Во всяком случае, накормить солдат старались независимо от обстановки, и это был закон. Солдат с заплечным
термосом добирался в траншею из тыла и отпускал в котелки жирную горячую кашу. Но вообще, есть хотелось
постоянно. Сухой паёк… Расходовать его без приказа не разрешалось.

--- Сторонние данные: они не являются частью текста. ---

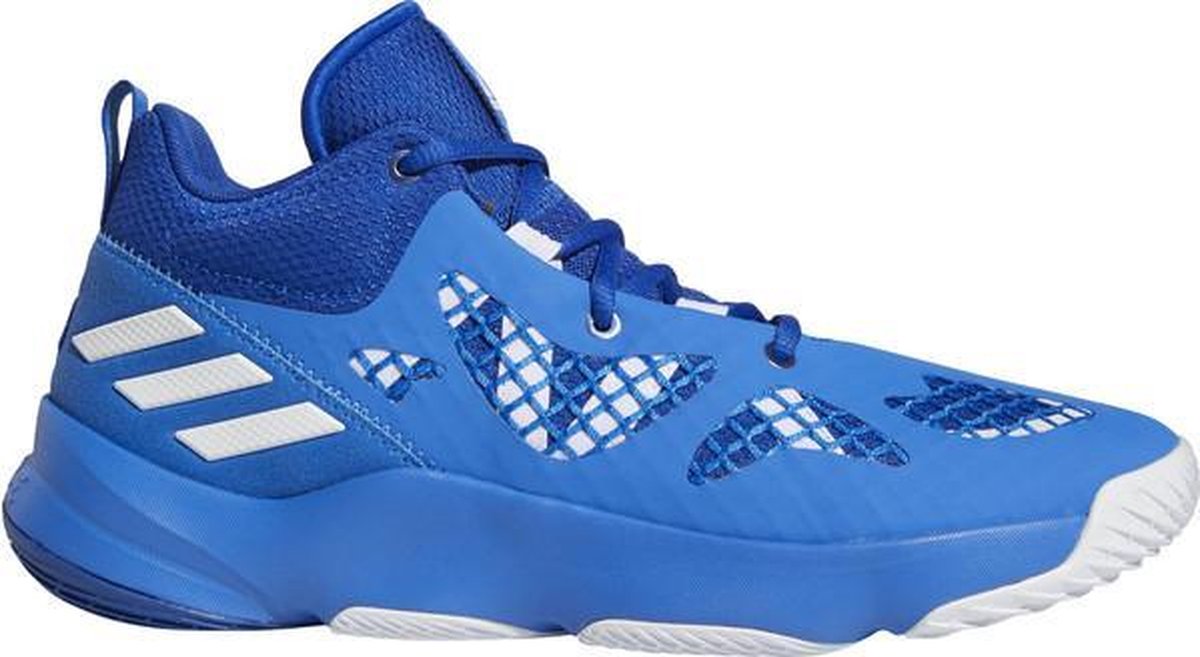 adidas Pro N3XT - blauw - maat 42 2/3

Запомнился эпизод, связанный с сухим
пайком. Было время, когда некурящим в Красной Армии выдавали взамен махорки ложку сахара. Но затем какой-то
рационализатор в верхах сообразил: некурящим и так хорошо, зачем им ещё и сахар? И эту льготу отменили. Хочешь,
получай свою порцию махорки, не хочешь - не получай, дело твоё. В общем, я эту пайку в течение некоторого
времени получал, и в вещмешке накапливалась махра. Рядом был и сухой паёк, брикет пшёнки. Однажды по команде
мы готовили обед в котелках, на костре. Каша получилась у меня питательная, густая. Однако, с сильным
перечным привкусом. Я её съел. Но потом… Для таких случаев солдатским юмором предусмотрена была поговорка:
"на три метра против ветра, не считая мелких брызг". Излечился, соблюдая предписанную санинструктором
диету: ржаной сухарь и "пустой" чай, без сахара. Армейский ржаной сухарь, ему бы памятник! Пожалуй, уже
после войны в песне "Пора в путь-дорогу" солдатский юмор перефразировал слова "Пускай судьба забросит
нас далёко, пускай" в более приземлённые "Пускай судьба забросит нас на кухню, пускай!".
Уж там-то наешься!
Как спали? Как придётся. В лучшем случае, под крышей в чьём-то доме, в тепле. Или в хозяйственной постройке,
на сене, под шинелью. Русская солдатская шинель. Памятник бы ей, наряду с малой сапёрной лопаткой и сухарём.
Отстёгивался хлястик, шинель увеличивалась в объёме. Одна пола служила постелью, свёрнутый рукав - подушкой,
остальная часть шинели - одеялом. Этой премудрости меня тоже обучил отец, и вспоминать его уроки пришлось не
раз. Доводилось спать и под открытым небом, и под дождиком, а то и под снежком. Помогала плащ-палатка.
А в землянке, да ещё и с печуркой, так это вообще было блаженство. Но бывал и короткий сон во всём
обмундировании, с вещмешком вместо подушки. По-всякому спали. И готовность заснуть была по первой же команде.
Как и поесть.
Как справляли потребности? По команде: "три минуты, оправиться разойдись!...Выходи строиться!" В окопах
закуточек отводился, оборудовался должным образом. Без проблем. Немцы обустраивались более педантично, доводилось убеждаться.
Получали письма от родных. Примостившись, где придётся, писали ответ: жив, здоров…
Вот так мы и жили. Как воевали? Об этом написаны сотни, если не тысячи книг. Да и результат - налицо.